**WHAT THIS TASK INVOLVES**. Below are lines of data; restate word for word those running from the line containing "C.P. Company Chrome-R" to the line containing "Billard Pool Billard", inclusive, and no others.

**DATA EXTRACT**.
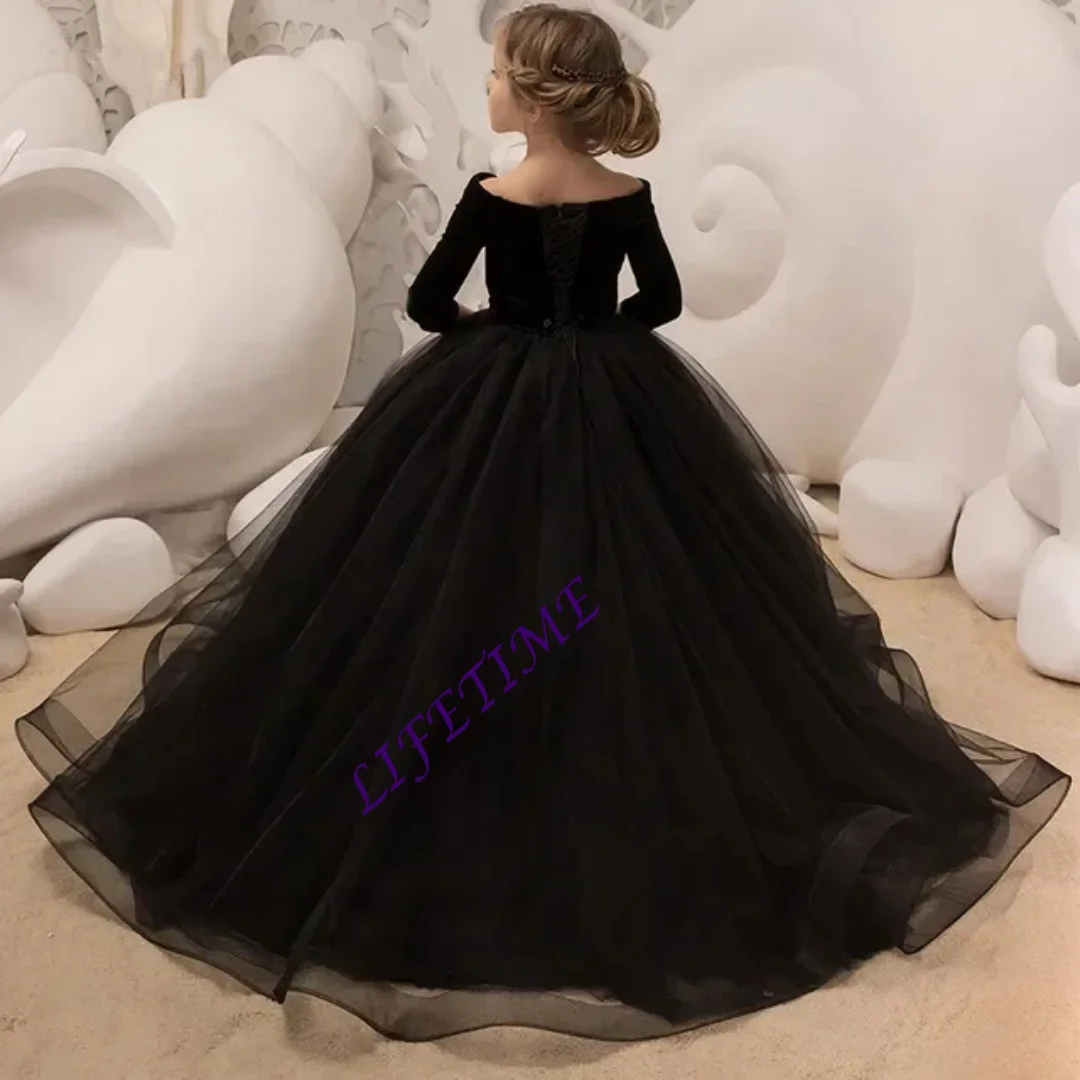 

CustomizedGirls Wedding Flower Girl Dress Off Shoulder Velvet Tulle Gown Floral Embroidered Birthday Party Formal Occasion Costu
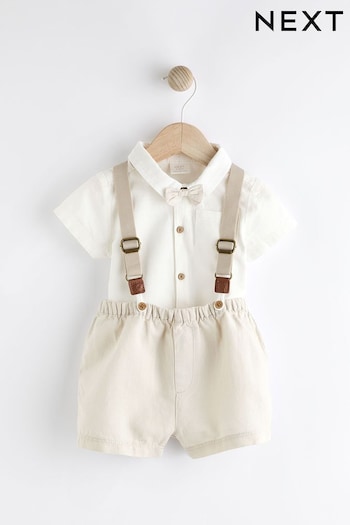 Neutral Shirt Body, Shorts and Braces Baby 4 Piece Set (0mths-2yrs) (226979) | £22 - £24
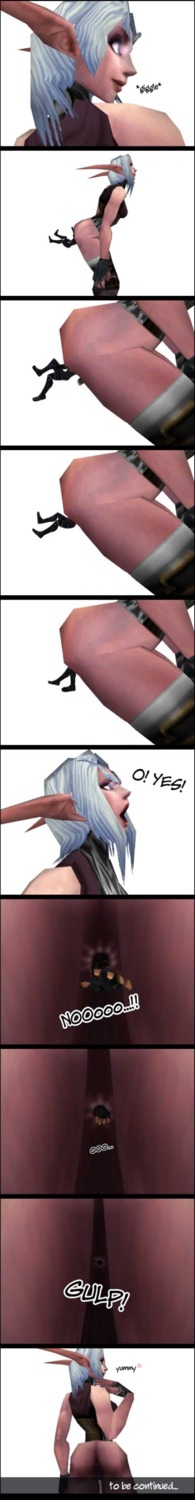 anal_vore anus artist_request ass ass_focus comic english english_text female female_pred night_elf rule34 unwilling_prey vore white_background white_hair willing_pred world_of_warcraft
==
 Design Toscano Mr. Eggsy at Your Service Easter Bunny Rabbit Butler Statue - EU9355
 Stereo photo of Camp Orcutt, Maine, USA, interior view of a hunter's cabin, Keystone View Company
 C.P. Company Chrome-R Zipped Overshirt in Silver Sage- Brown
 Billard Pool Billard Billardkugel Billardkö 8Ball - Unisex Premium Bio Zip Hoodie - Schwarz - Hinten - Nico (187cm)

**REPLY**.
 C.P. Company Chrome-R Zipped Overshirt in Silver Sage- Brown
 Billard Pool Billard Billardkugel Billardkö 8Ball - Unisex Premium Bio Zip Hoodie - Schwarz - Hinten - Nico (187cm)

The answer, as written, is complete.